Aim of the exercise — Go through the listing below and write out exactly the lines from the one that mentions "Étiquette de : Rubus" through the one that mentions "GNR desmantela rede", minus the pictures.

Input material —
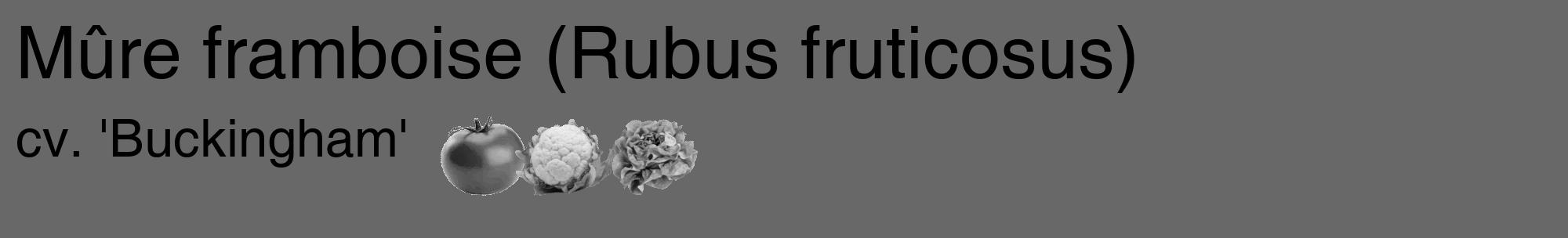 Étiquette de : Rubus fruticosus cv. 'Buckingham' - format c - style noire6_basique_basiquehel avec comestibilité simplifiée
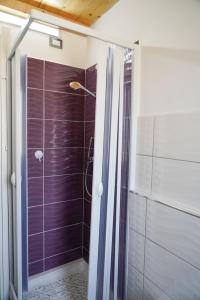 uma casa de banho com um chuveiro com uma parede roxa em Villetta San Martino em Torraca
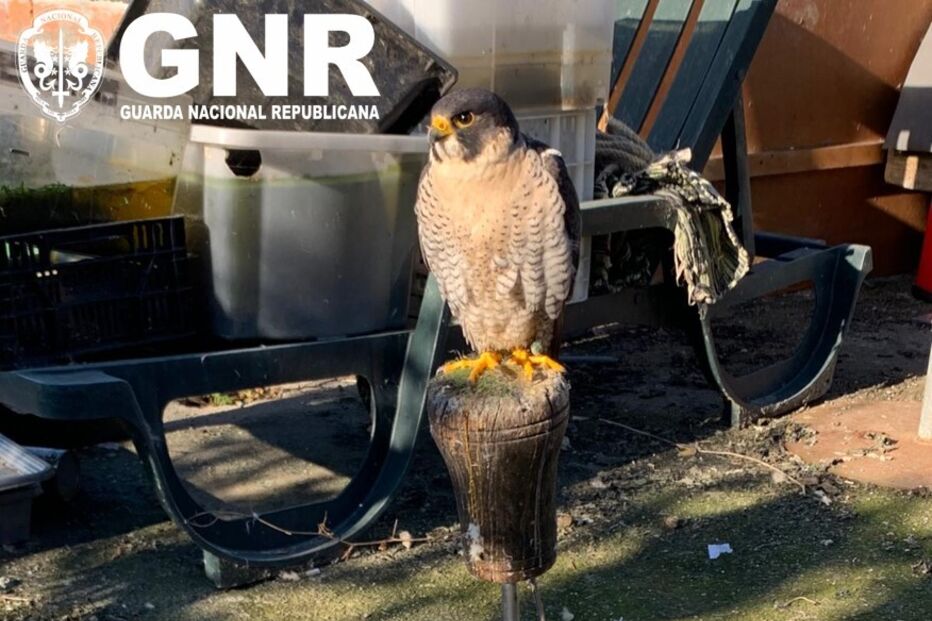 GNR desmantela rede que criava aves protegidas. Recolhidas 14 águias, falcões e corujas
* * *
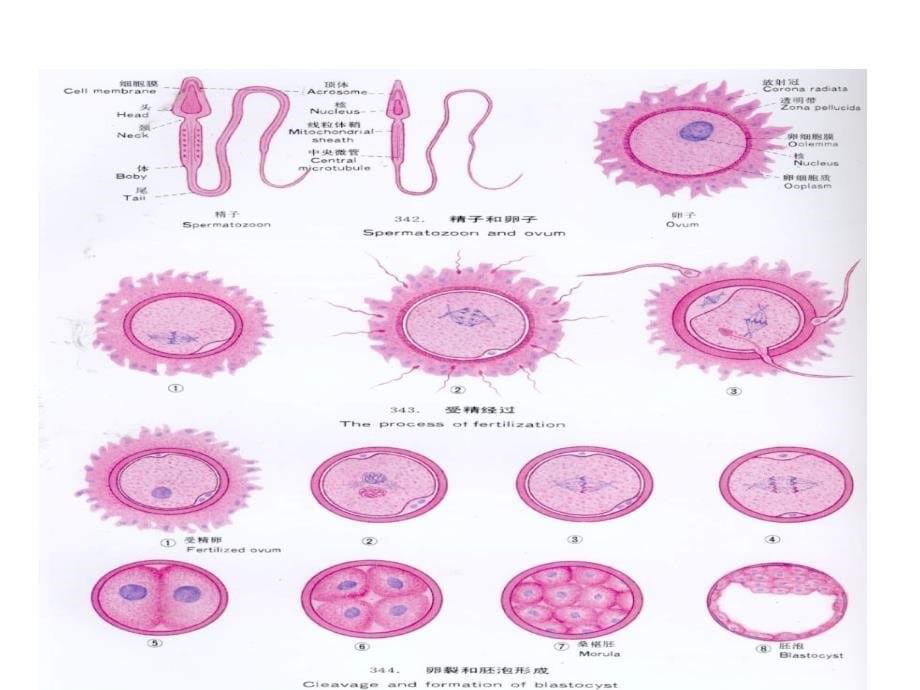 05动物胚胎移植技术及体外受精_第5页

Answer to this problem —
 Étiquette de : Rubus fruticosus cv. 'Buckingham' - format c - style noire6_basique_basiquehel avec comestibilité simplifiée
 uma casa de banho com um chuveiro com uma parede roxa em Villetta San Martino em Torraca
 GNR desmantela rede que criava aves protegidas. Recolhidas 14 águias, falcões e corujas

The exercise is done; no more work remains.